Cloud repatriation: The conditional promises of cloud computing
A decade ago, major organizations across the globe were rushing to embrace cloud computing. Today, many are transitioning back to on-prem. So what’s behind the cloud repatriation movement? What are the benefits and limitations of cloud and on-prem? And why is shifting back to on-prem a good decision we won’t be making?
Drawn in by the promise of limitless scalability, cost savings, and faster time to market, companies and organizations across industries have rushed to embrace cloud computing over the past two decades.
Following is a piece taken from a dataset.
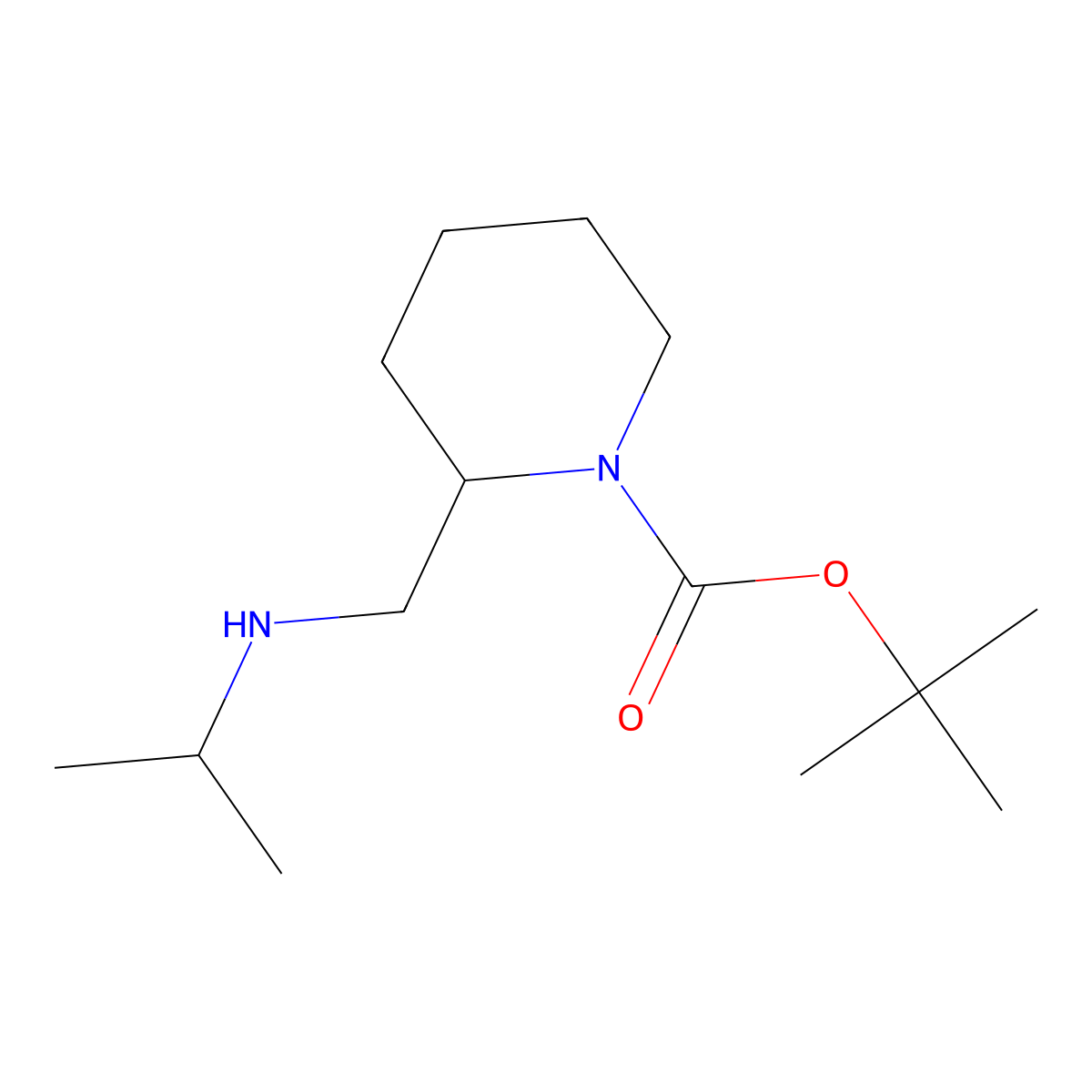 tert-Butyl 2-((isopropylamino)methyl)piperidine-1-carboxylate molecular structure, CAS 1289387-82-1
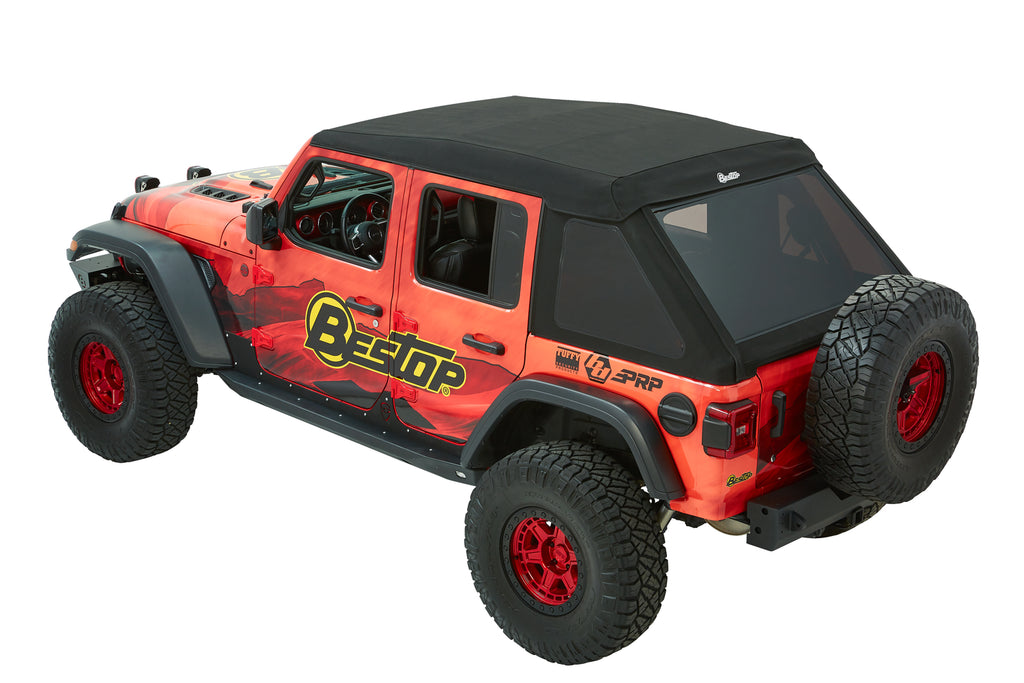Trektop Ultra Slantback Soft Top For Jeep 2018-Current Wrangler JL 4 Door Black Bestop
But there was a fundamental misinterpretation of what cloud can and cannot do. Running everything on the cloud isn’t the best fit for every organization—and we’re seeing some organizations realize that:
- 42% of U.S. organizations are considering or have already moved at least half of their cloud-based workloads to on-premises infrastructure
- 94% of IT leaders have been involved in a cloud repatriation project in the last three years
But what’s driving companies back to on-prem? Should you be doing the same? And what other ways can you bring down or control cloud costs?
Queue-it works with some of the world’s biggest online businesses on their busiest days. This gives us a front-row seat to the benefits and challenges of cloud-hosted infrastructure. And while we’re unlikely to ever leave the cloud—because it’s a perfect fit for our needs—I think the cloud repatriation movement is an overdue acknowledgement that cloud computing has key limitations that, for some companies, outweigh its potential benefits.
The bold promises that drew companies to cloud computing depend on important conditions. But a lot of companies ignored the conditions and just saw the benefits. So let’s look at the three biggest conditional promises of cloud computing—and where so many companies went wrong.
The main reason for the cloud repatriation movement, like the main reason for most business decisions, is to save money. 53% of enterprises say they’re yet to see “substantial value” from their investment in cloud.
When cloud computing emerged, many organizations rushed to embrace it for its cost-saving benefits. But the cost savings of cloud are conditional.
Cloud computing can save you money if:
- You optimize your infrastructure specifically for the cloud
- You regularly audit cloud computing costs
- Your traffic is relatively predictable and you can stay within savings plans
Cloud computing is suited to some use cases, but not all. And even if it is right for your business, you need to optimize your use of it and carefully monitor your expenditure.
Cloud computing bills are infamously difficult to understand. Small changes can drive huge costs. It’s often tough to tell where exactly your money is going. And even small variations in usage can drive huge variations in expense.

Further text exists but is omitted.